Seriously though, can you remember the last time you made a major purchase without researching reviews first? This past holiday season, don't even tell me you weren't comparing Ipads and Kindles online. I've rarely tried a new restaurant without checking up on their online reviews. I'm even in the process of finding a new primary doctor and thus all over Google doing my research. All major business thrives off online reviews, and consumers love it. We trust general opinion. Sure, it's not always our deciding factor, but it's a big part of it. And yes, word of mouth is and always will be king. But, with Facebook and the birth of the internet marketing jungle, "word of mouth" is quickly turning into something far less tangible.
So why do so many real estate agents undervalue the importance of online reviews?
Well, if you don’t ask, thou shalt not receive. In fact, the only reviews you’ll get will be the bad ones, and they are inevitable in any business. And one key to success in the business world is the admission you cannot please nor help everyone. But those that you can help, ask them to help you too! Ask your clients immediately after a closing. And then, ask them again after they move-in. I send thank you cards about a month after move-in, and drop an extra card in requesting a review if they haven’t already. I also shoot a quick thank you email to anyone who has left one, so they know I noticed and am thankful. Small gestures go a long way.
However, it’s becoming clear that the review sites are spinning a little out of control. You cannot possibly ask or expect a client to leave a review for you on Yelp, Zillow, Trulia and LinkedIn. Yelp for one filters any review in which a client simply set up an account to leave one, so that makes 9 out 10 reviews fruitless. And LinkedIn I've found is better for past colleague reviews, versus clients. Zillow seems harmless enough, but only time will tell. And now Google Places seems to be a big one, because the reviews will always come up in a search. If only they would all just syndicate to each other! But, since this isn't the case, I'm starting to believe that the best option is simply to ask clients to write a quick paragraph review and email it directly to you. It’s quick and easy and they don’t have to log in or make a new account anywhere. And then, you can copy and paste that review and throw it up on your website, blogs, FB page and in all your marketing materials. You can also incorporate them into resumes and buyer presentations. So what, it’s not verified on a review website. I’m still willing to bet most prospective clients will give you the benefit of the doubt and be impressed.

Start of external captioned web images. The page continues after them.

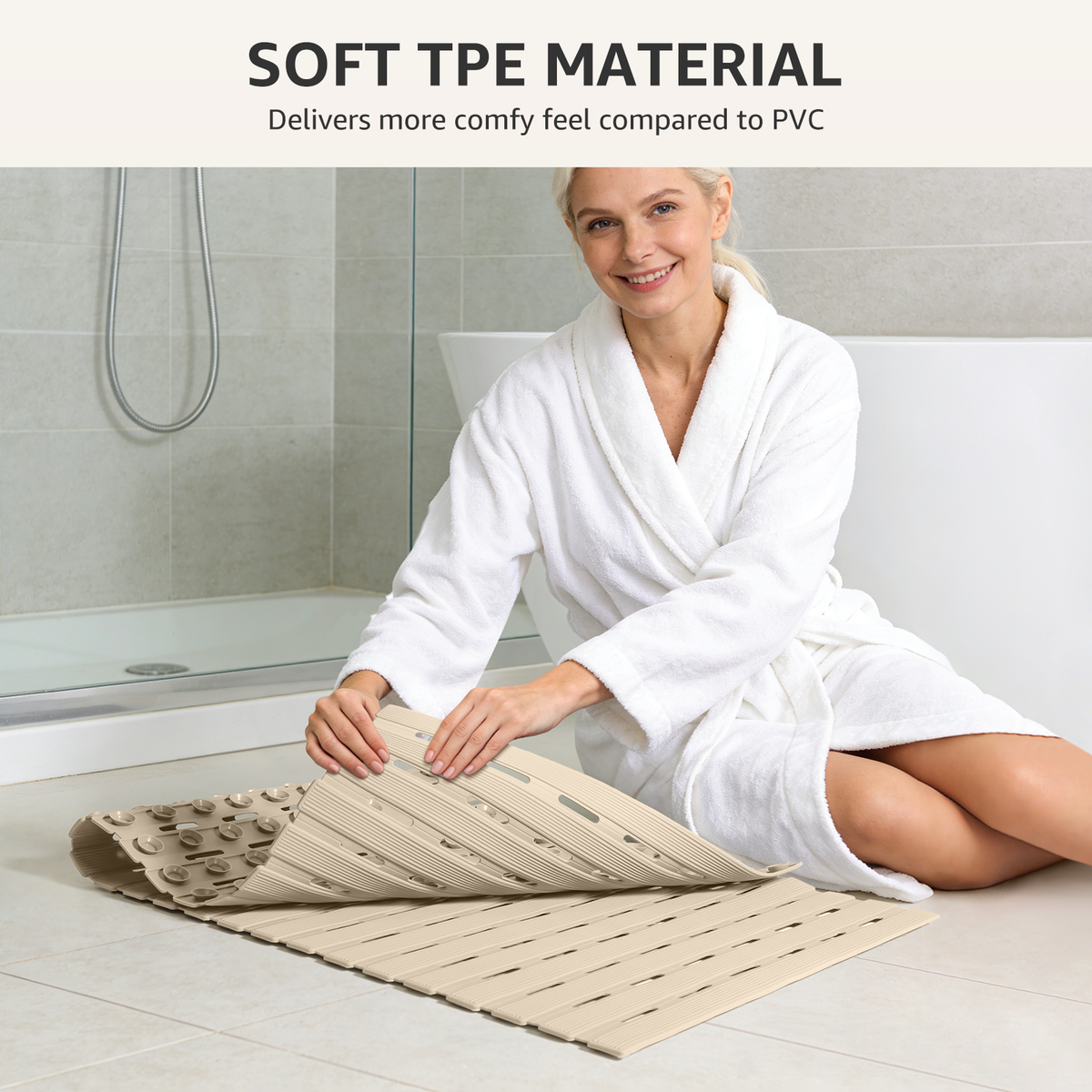 OTHWAY Non Slip Shower Mat for Tub & Inside Shower,36.6" x 16.9" Soft TPE Bath Mat with Suction Cups,Easy to Cut Shower Floor Mat,Machine Washable Bathtub Mats
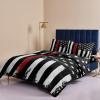 4 Piece Full American Red Line Flag Law Enforcement Breathable Comforter Covers Ultra Soft Bed Sheet with Decoretive 2 Pillow Shams Bedding Collection Sets White Stars Striped on Black view 4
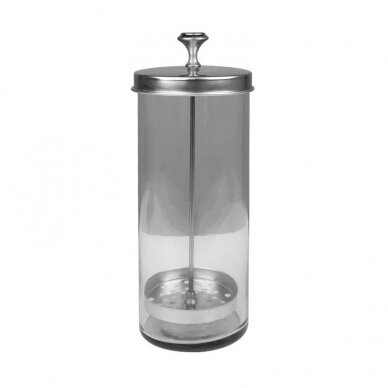 Stiklinis indas įrankių mirkimui ir dezinfekcijai 650 ml.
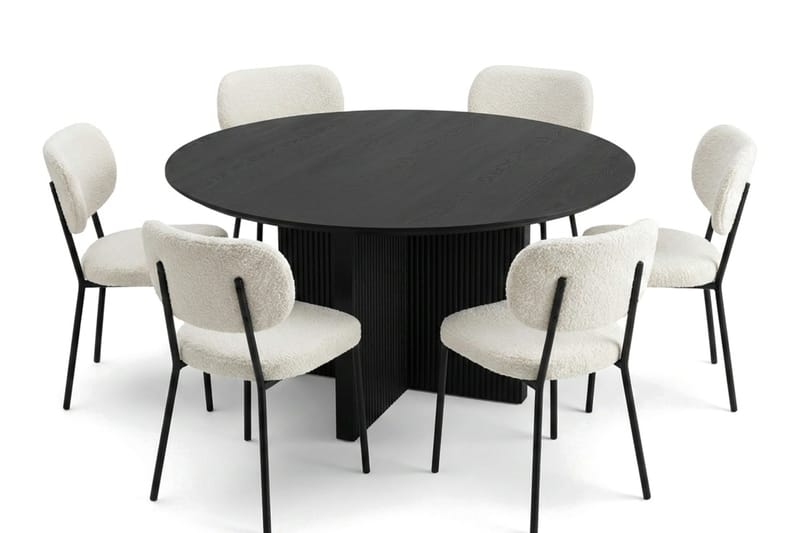Edda spisegruppe rund 130 cm sort med 6 Gemmiano spisestole, Sortbejdset eg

And just remember, this doesn't apply to realtors alone. Google claims 97% of consumers search for businesses online. Any one in sales or business, whether a big corporation or a small company, should have a client testimonial page. Link it to your websites, and link it to your email signature. And when job hunting, submit your resume and your client testimonials- they're just as valuable as the skills you have. They are the proof you have them!